See accompanying notes to unaudited condensed consolidated financial statements.

4

NOTES TO CONDENSED CONSOLIDATED FINANCIAL STATEMENTS

1. Reporting entity

Cathedral Energy Services Ltd. (“LTD”) is a company domiciled in Canada. LTD, along with the below noted subsidiaries, together are referred to as the “Company” or “Cathedral”. The Company is a publicly traded company listed on the Toronto Stock Exchange (“TSX”) under the symbol “CET”. The unaudited condensed consolidated financial statements of the Company as at and for the three and six months ended June 30, 2023 are comprised of LTD and the following 100% owned subsidiaries:

  • Cathedral Energy Services Inc. (“INC”);

  • 2438155 Alberta Ltd.;

  • LEXA Drilling Technologies Inc. (“LEXA”);

  • CET Flight Holdco, Inc. (“Flight”);

  • Altitude Energy Holdco, LLC (“AEH”); and

  • Altitude Energy Partners, LLC (“Altitude”).

The Company is primarily involved and engaged in the business of providing directional drilling services to oil and natural gas companies in Western Canada and the United States (“U.S.”).

LTD has a functional currency of Canadian dollars while INC, Flight, AEH and Altitude are incorporated in the U.S. and their functional currency is United States dollars (“USD”).

2. Basis of preparation

These unaudited condensed consolidated financial statements have been prepared in accordance with International Accounting Standard 34, Interim Financial Reporting (“IAS 34”) using accounting policies consistent with International Financial Reporting Standards (“IFRS”) as issued by the International Accounting Standards Board (“IASB”).

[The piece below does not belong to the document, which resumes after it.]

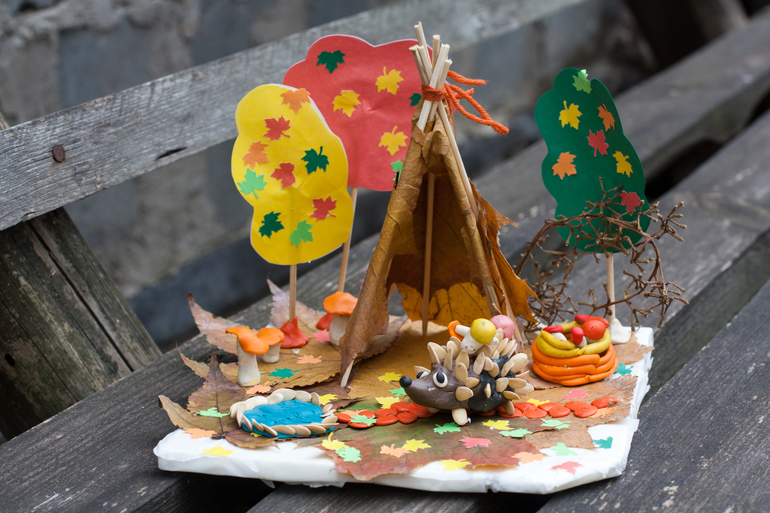 осенняя поделка в садик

Accordingly, certain information and note disclosures normally included in the annual financial statements, prepared in accordance with IFRS, have been omitted or condensed.

These unaudited condensed consolidated financial statements should be read in conjunction with the Company's audited consolidated financial statements for the year ended December 31, 2022.

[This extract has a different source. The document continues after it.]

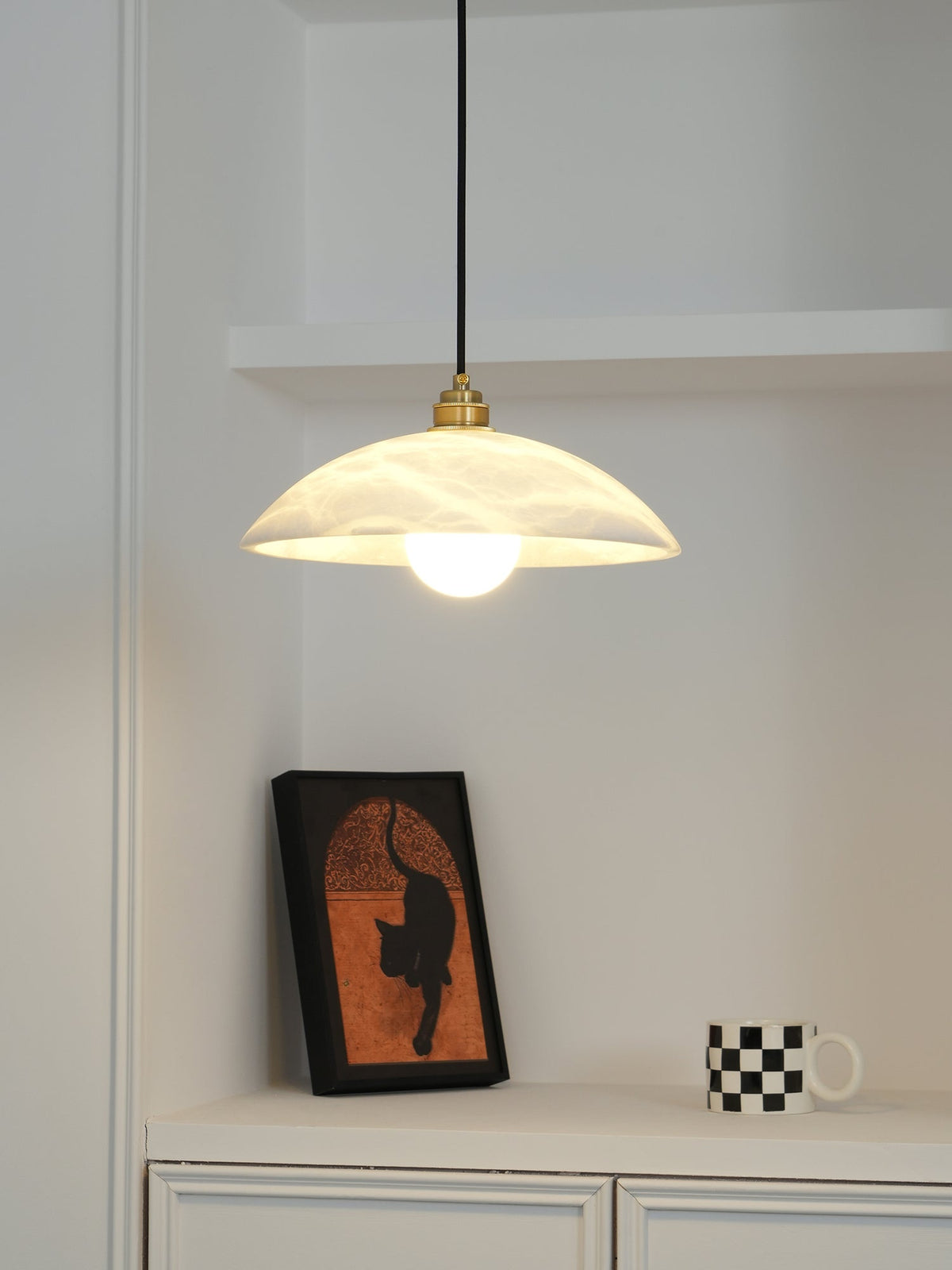 Penrelwyn Alabaster Pendant Light-Moonnatur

Certain figures in the comparative period have been reclassified for comparability with the current period presentation.

These unaudited condensed consolidated financial statements were prepared using accounting policies and methods of their application consistent with those used in the preparation of the Company’s consolidated audited annual financial statements for the year ended December 31, 2022.

The unaudited condensed consolidated financial statements were authorized for issue by the Board of Directors on August 10, 2023.

These unaudited condensed consolidated financial statements for the three and six months ended June 30, 2023 are presented in Canadian dollars (“CAD”), which is the Company’s functional currency. All financial information presented in dollars has been rounded to the nearest thousands, except for share and per share amounts.

Use of estimates and judgements

The preparation of the unaudited condensed consolidated financial statements requires management to make judgments, estimates and assumptions that affect the application of accounting policies and the reported amounts of assets, liabilities, income and expenses. Actual results may differ from these estimates.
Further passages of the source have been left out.